» The problem: Only the lines from the one holding "(12inch Set of 7" to the end of the data should be echoed, exactly as they appear, minus the pictures.

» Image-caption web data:
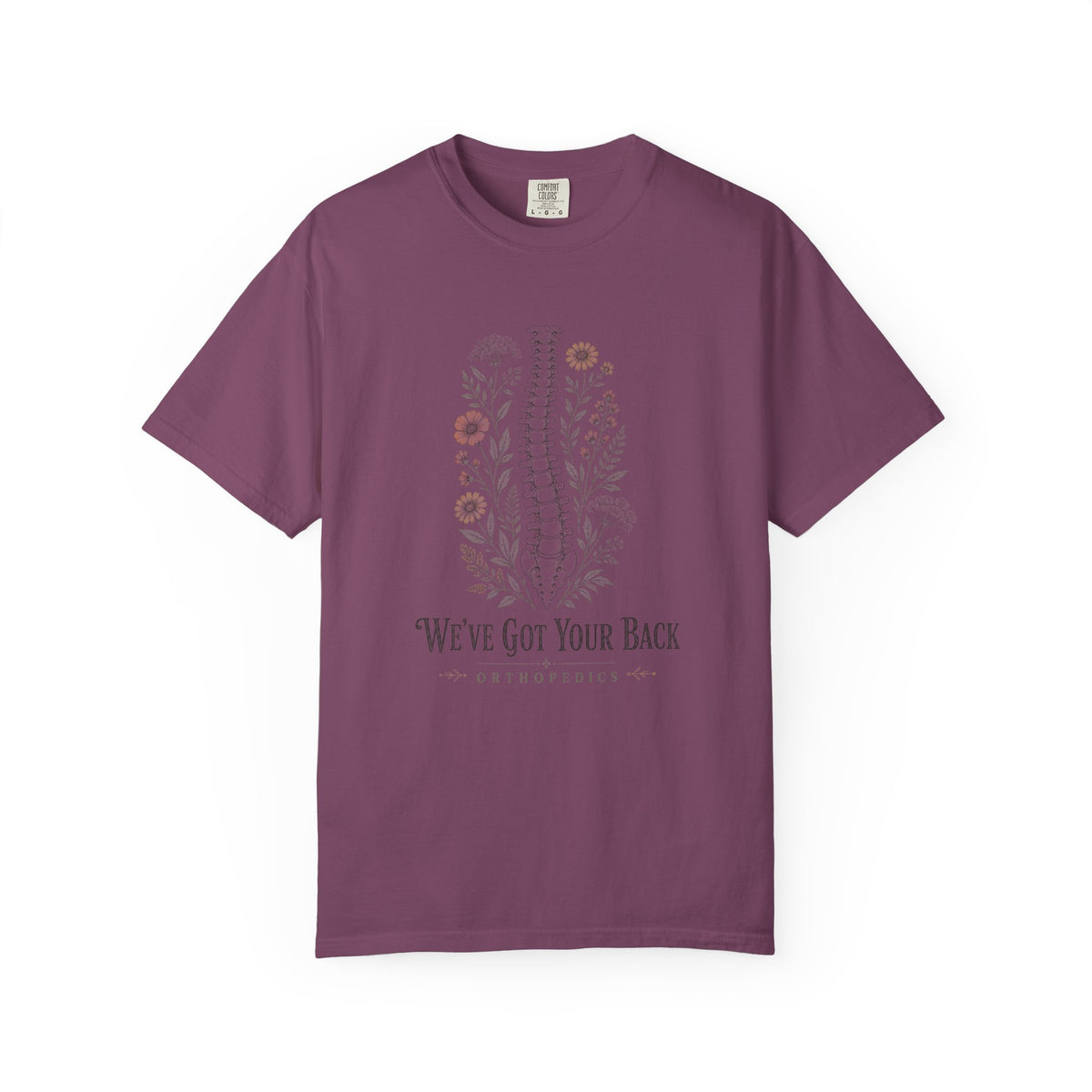 We've Got Your Back Orthopedics floral spine Comfort Colors 1717 tee in Berry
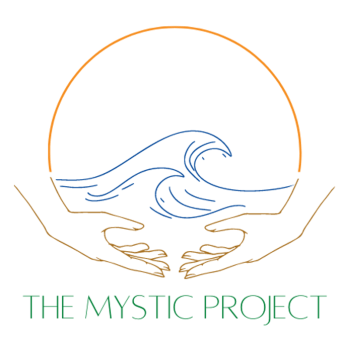 The logo: bronze cupped hands holding a blue wave with a arcing sun backdrop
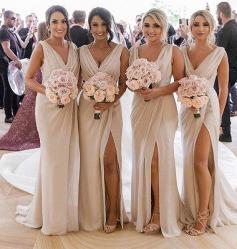 Simple Chiffon Long Bridesmaid Dresses | V-Neck Sleeveless Side-Slit Prom Dresses | www.babyonlinewholesale.com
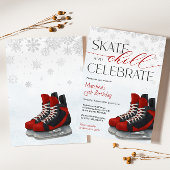 Ice Skating Teen Boy's Hockey Birthday Invitation 招待状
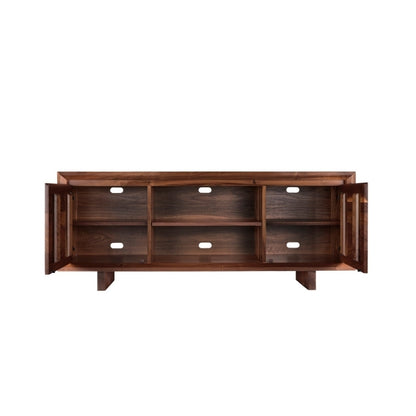 Rustic Walnut Media Console open cabinets showcasing shelves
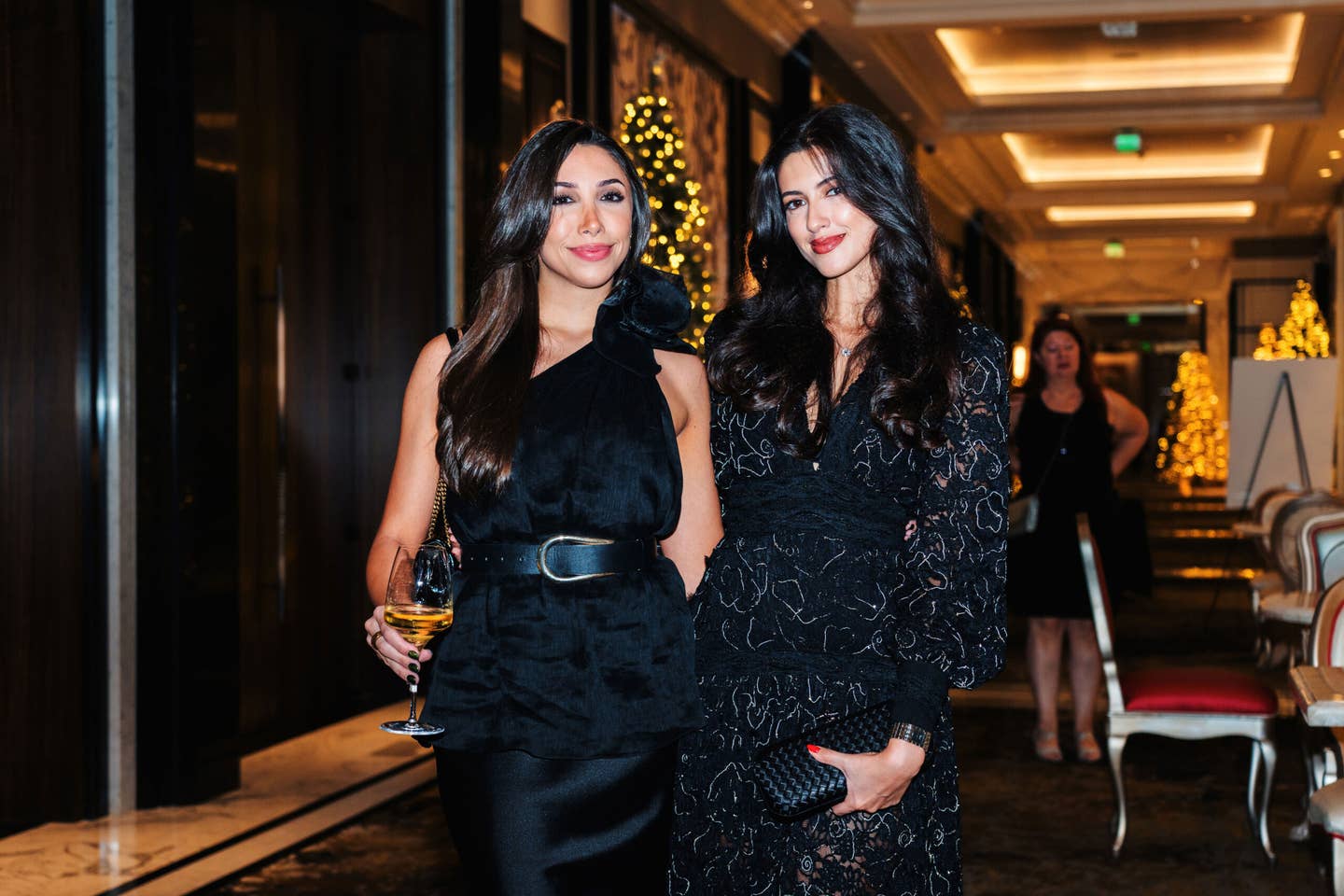 Elissa Salem and Yasmine Eladib in formal party attire.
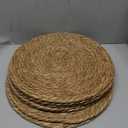 7 Pcs 12" Round Woven Rattan Placemats,Natural Hand-Woven Water Hyacinth Placemats,Farmhouse Weave Place Mats, Rustic Braided Wicker Table Mats (12inch Set of 7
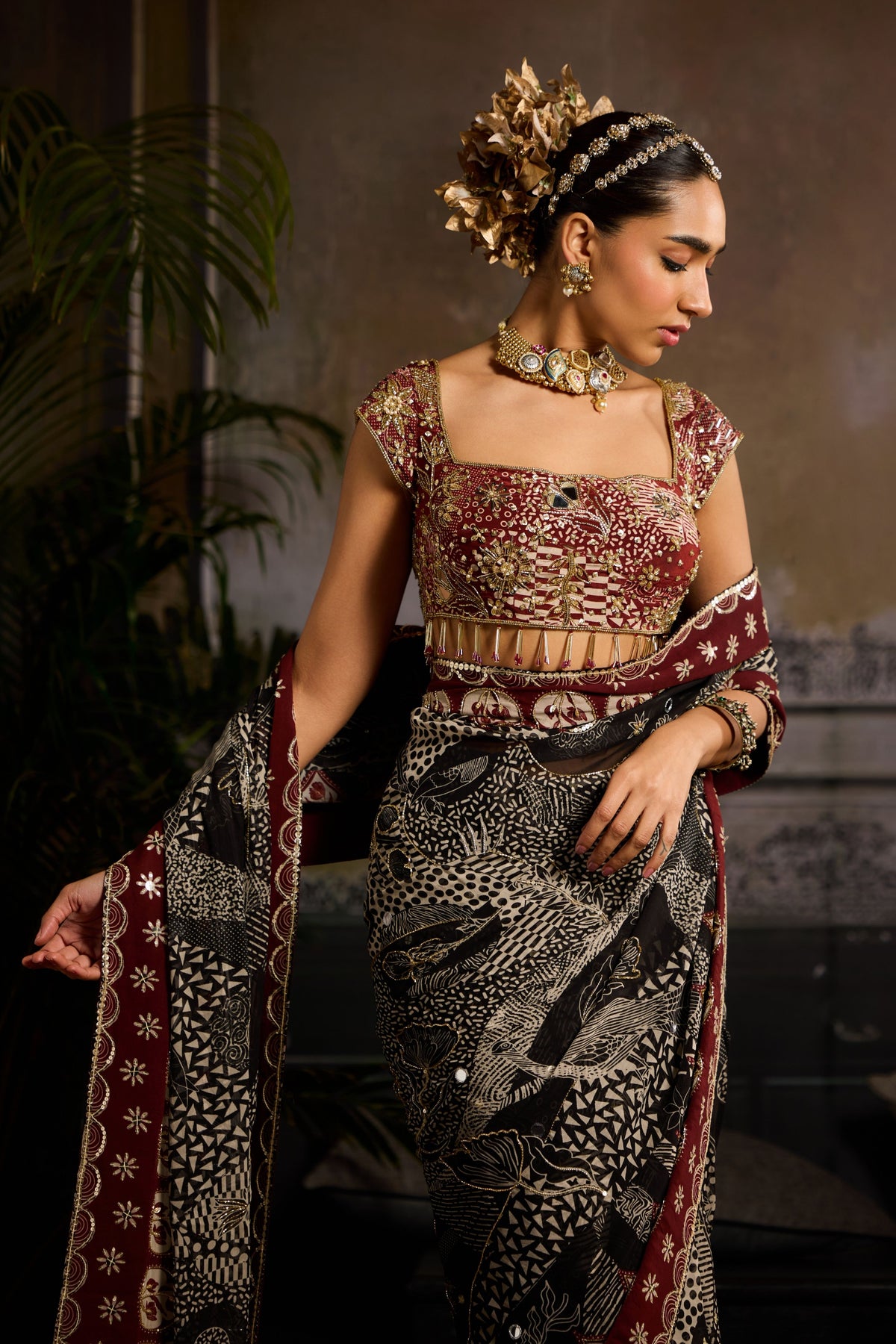 Black and Maroon Drape Saree Set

» Solution for this problem:
 7 Pcs 12" Round Woven Rattan Placemats,Natural Hand-Woven Water Hyacinth Placemats,Farmhouse Weave Place Mats, Rustic Braided Wicker Table Mats (12inch Set of 7
 Black and Maroon Drape Saree Set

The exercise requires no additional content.